Fifth Circuit En Banc Denies Jurisdiction to Conduct
Program-Wide Review or Issue Program-Wide Injunctions Against Federal Agencies
By J. Michael Klise & Thomas R. Lundquist*

On September 20, the Fifth Circuit held en banc (by an 8-5 vote) that national forest-wide judicial review and forest-wide injunctions are impermissible.  Sierra Club v. Peterson, __ F.3d __, 2000 WL 1357506 (5th Cir. Sept. 20, 2000).  The Fifth Circuit vacated and remanded a district court decision that enjoined U.S. Forest Service timber harvesting in the National Forests of Texas due to on-the-ground Forest Service violations of the National Forest Management Act (“NMFA”).  Under Lujan v. National Wildlife Federation, 497 U.S. 871 (1990), challenges to final agency actions are limited to challenges of identifiable, particularized events, and do not include programmatic challenges.  The majority opinion reads Lujan as meaning that a national forest-wide collection of individual timber-related actions is not a reviewable “agency action” under the Administrative Procedure Act (“APA”).  Consequently, the district court lacked APA jurisdiction to conduct a forest-wide trial and to issue an forest-wide injunction.

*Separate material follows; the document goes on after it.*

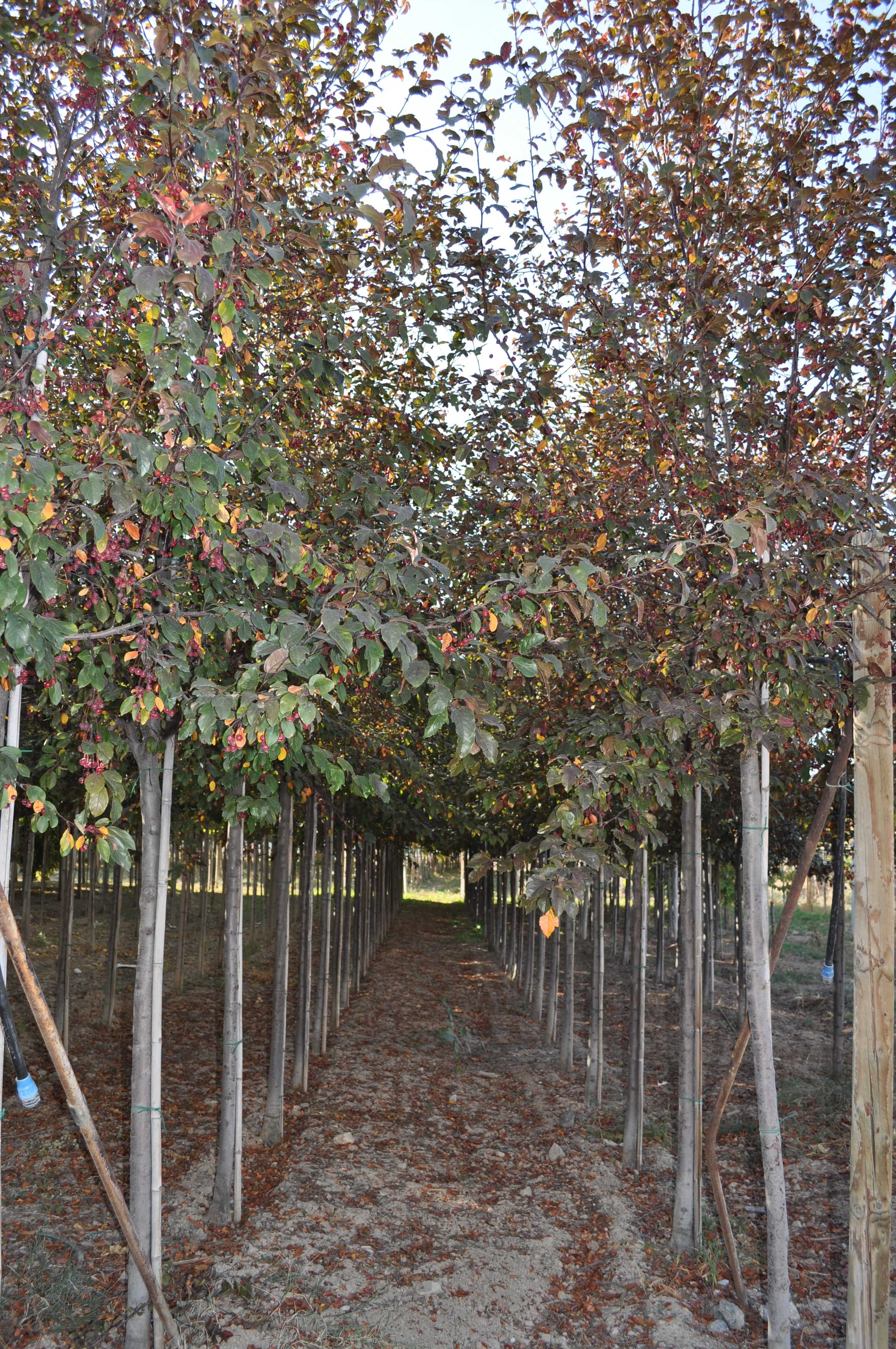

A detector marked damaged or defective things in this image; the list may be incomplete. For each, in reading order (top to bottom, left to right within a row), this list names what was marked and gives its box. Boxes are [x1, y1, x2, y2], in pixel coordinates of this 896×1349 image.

rusty metal rod [0, 874, 181, 1338]
rusty metal rod [707, 718, 853, 1306]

The en banc opinion also stresses that the separation of powers respect for the Executive Branch and issues of institutional competence support both deference to the agency and the absence of judicial review of agency programs.  As the court stated, “Lujan thus announced a prohibition on programmatic challenges: ‘respondent cannot seek wholesale improvement of this program by court decree, rather than in the offices of the Department or the halls of Congress, where programmatic improvements are normally made.’  [I]nstitutional limits on courts . . . constrain our review to narrow and concrete actual controversies.  We thereby not only avoid encroaching on other branches of government, but we continue to respect the expert judgment of agencies specifically created to deal with complex and technical issues.”  2000 WL 1357506 at *5. 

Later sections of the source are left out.